Quote from: Allaya;147863
I'm going to do a naughty and necro this thread because after searching the site it seems this is the one mention of what I'm hoping to find an answer for...but no answer actually appears.

Jenett, I'd like to know more about copyright along the lines of "If I copy X into my BOS, is that ok?" if you have the time to educate me.

I'm not Jenett, but I can probably answer this.  In general terms anyway, I'm afraid I know very little about Norwegian copyright law.  (I'm not even sure if you've signed up to any of the EU copyright treaties!)  In fact, the only thing I do know that the 2013 amendments to the copyright act make it a lot easier for rightsholders to track down the identity of infringers, which obviously means you need to err on the side of caution.

There's two possibilities at the extremes that I assume don't apply to you, but I'll cover them just in case.

If you're planning to sell your BOS or commercially exploit it in any way, just don't.  I'm pretty sure you wouldn't have a leg to stand on.

If it's going to be entirely private, then you're fine.  Technically, it could run counter to laws on format shifting, but nobody is going to care about that.

However, what I'm guessing is most likely, is that you're going to either be using it in public rituals or putting it up on the net.  (The latter is more of an issue than the former, because of how much bigger the potential audience is).

That could be problematic, although it's a complex area.  The more material you're using from a single source, the more likely it is to cause an issue.  

Essentially, I think you'd be relying on US fair use law or its (generally more restrictive) European equivalents.  It's worth noting that those are affirmative defenses.
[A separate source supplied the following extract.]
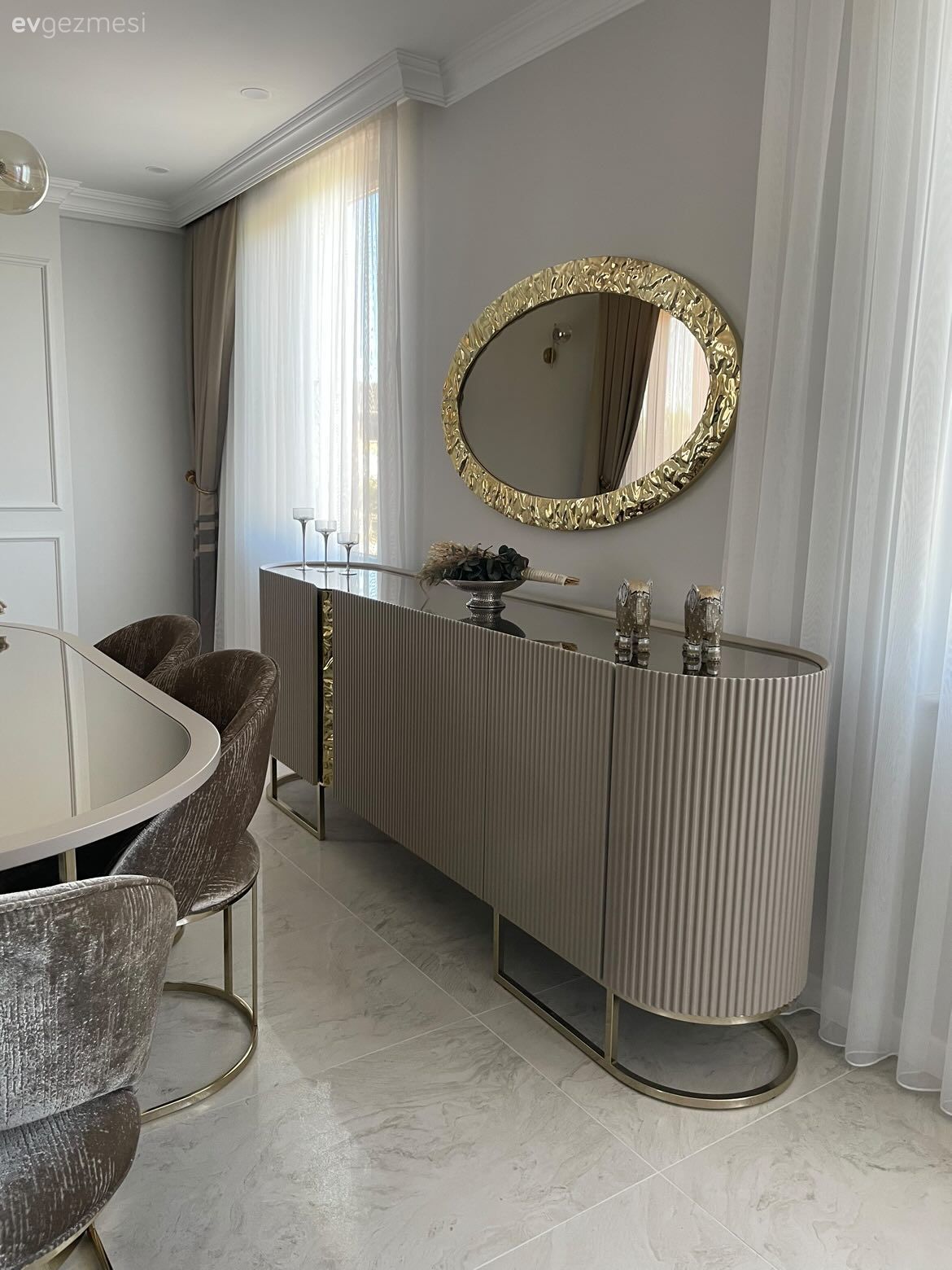 Yemek Odası, Art deko, Sandalye, Yemek masası, Vizon, Gri, Füme, Fon perde, Perde, Altın, Konsol, Konsol üzeri dekoratif objeleri, Avize, Aydınlatma, Ayna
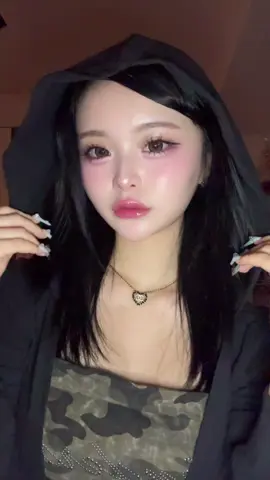 そろそろ髪色変えたいけど何色がいいと思う🥺？？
So the burden of proof would lie with you, not the plantiff; in other words it would be up to you to prove that your usage was allowable, not for the plantiff to prove that it wasn't.

How would it go?  Not sure.  IANAL and you should avoid court cases anyway.  US Fair Use law would be touch and go I think.  European laws would be a high risk strategy.

If you want to avoid all this, there's a simply alternative.  You could simply email anybody whose work you want to use.  Instinct tells me that most pagan and occultist authors would be flattered you wanted to use them in your BOS and would be happy to grant permission for non-commercial use.